/Craigslist-Job-Listing-Transformation-via-Text-Modeling

Improved quality and presentation of job listings on Craigslist website via scraping and training data from Indeed’s job listings’, to enhance user experience, drive more traffic and thus increase revenue

Primary LanguageJupyter Notebook

Craigslist Job Listing Transformation via Text Modeling

Abstract

Inspire Analytica consults Craigslist on ways to increase the traffic on their job portal. One of the main reasons identified is the lack of structure in job postings. Inspire Analytica, a group of students, suggest ways to improve the structure of these web sites using NLP and machine learning techniques that they acquired over the period of their course ‘Analyzing Unstructured Data’.

About Job Search Market

As per the Bureau of Labor Statistics, more than 2 million Americans voluntarily leave their jobs every month and look for new opportunities. Combining these numbers with involuntary unemployment, means that there are a lot of people looking for jobs at any given point of time. The top channels people use to look for new jobs are online job boards (60%), social professional networks (56%), and word of mouth (50%). Global job portal revenue rose 9% in in 2016, reaching $12.4 billion with LinkedIn and Monster as the largest players in the US. Other job portals in the US include indeed.com, simplyhired.com.

Problem Statement

Craigslist also offers the facility of posting advertisements related to jobs on their portal, but this category is not nearly as popular as similar websites like monster.com or indeed.com. It has a lot of job listings that are classified into very broad categories. When a user navigates through the listings, he/she can only see the date on which the job was posted and the title. The title is a user’s free input text, thus, there is not format or structure. Recruiters use fancy words to attract traffic. But they lack the basic information about the position for which the job is posted. Additionally, users can’t find most of the relevant information such as employment type, compensation, the name of the organization unless he clicks on the link. This lack of information on the search page forces the user to click on the links only to find that the job is not suitable for him, which could be for any number of reasons. Given a large number of job postings, it is humanely impossible to navigate through 100s of pages.

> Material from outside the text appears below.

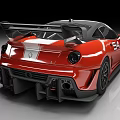 Red Ferrari Performance Sports Car With White Racing Stripes And Rear Wing Design
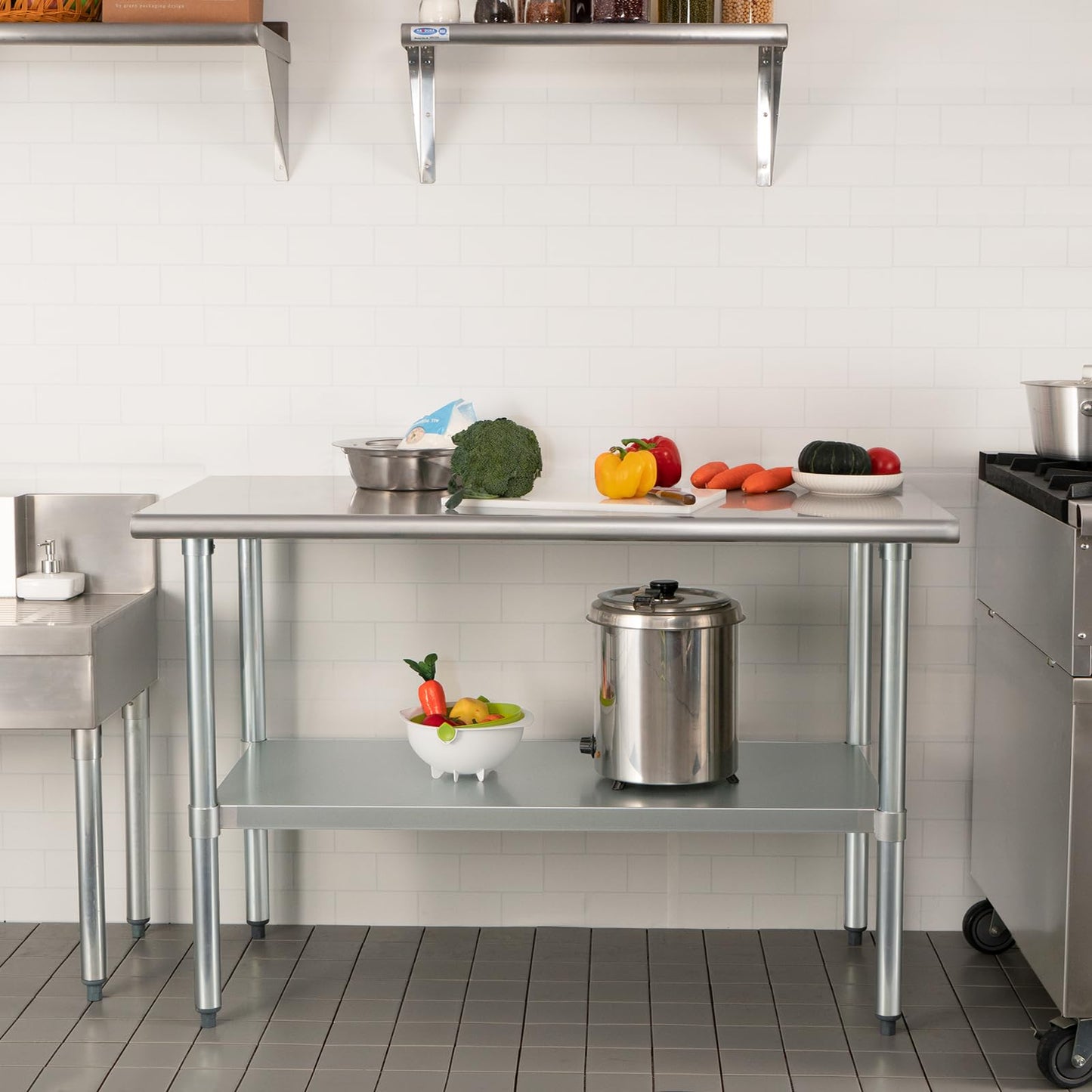 HARDURA Stainless Steel Table 24X72 Inches with Undershelf and Galvanized Legs NSF Heavy Duty Commercial Prep Work Table for Restaurant Kitchen Home and Hotel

Thus, even when there are 1000s of jobs available, because of the lack of text architecture, the purpose of matching a recruiter’s need to user’s remains difficult.

Proposal

Improve the quality and presentation of the job listings on Craigslist website to enhance the user experience, drive more traffic to the website and thus increase the revenue. We are proposing to change the way these posts are listed on Craigslist so that job-seekers have an easy time navigating the portal and can easily find the relevant jobs. We believe that this will lead to an enhanced user experience, which will drive more traffic to the website and encourage job-providers to list on the website. Considering that job-listings are charged by Craigslist, it will increase the revenue of the client.

Solution

We used the SVM model to predict the titles for jobs listed on Craigslist using the job descriptions. We had a total of 120 data points under ‘Business and Management’ category. Since, the job titles were not available to cross-validate, we manually created these labels based on job description. Using these manually labelled titles as original data, we calculated the accuracy using predicted values from SVM model. In the model, we observed that we were able to predict the Job Title accurately for 42 cases out of 120. This puts our accuracy for Craigslist at 35%. These are followed by those jobs who were tagged partially. There were 34 such cases, which accounted for 28% of the jobs. To better understand this behavior, we must first remember that the model works on Key-word tagging. Once, tokenized, sentences no longer retain contextual meaning. This makes it difficult for NLP algorithms to predict all entities in a sentence. In our case, we had 1000 job listings from Indeed and over 300 titles to which these jobs belonged. Due to a lack of data, the model is not able to identify all keywords associated with various job titles. This is reflected in its behavior while partially tagging reviews. The performance of the model can be improved by training it on more data. Currently, more than a third of the data consists of unique labels. For building an accurate model we will need more data points with fewer classification labels.

Conclusion

We believe that implementing the model will be very helpful to the Craigslist. It will have an impact on employers as well as the job-seekers. Since the jobseekers will have an easy time navigating the platform and extracting the relevant information without even clicking on the link, they will be able to browse through a larger number of jobs. If the job matches their criteria, they can look for further details by clicking on the link. In the current scenario, they need to click on all the links to find out the details and then decide which leads to lots of missed opportunities. Increased interest from the jobseekers will encourage more employers to post jobs, thus perpetuating a cycle of growth.

Future Scope

The model can be improved even further if we are able to provide tags based upon the generated labels. We can also add tags for Employment Type, Salary etc. With more granulated data, the need to navigate through multiple pages will reduce to just glancing at the search results and filtering out the ones that don’t fit the needs of the user. The advanced model can use our current model for it’s underlying logic. These steps will help Craigslist be a pioneer job hunt website.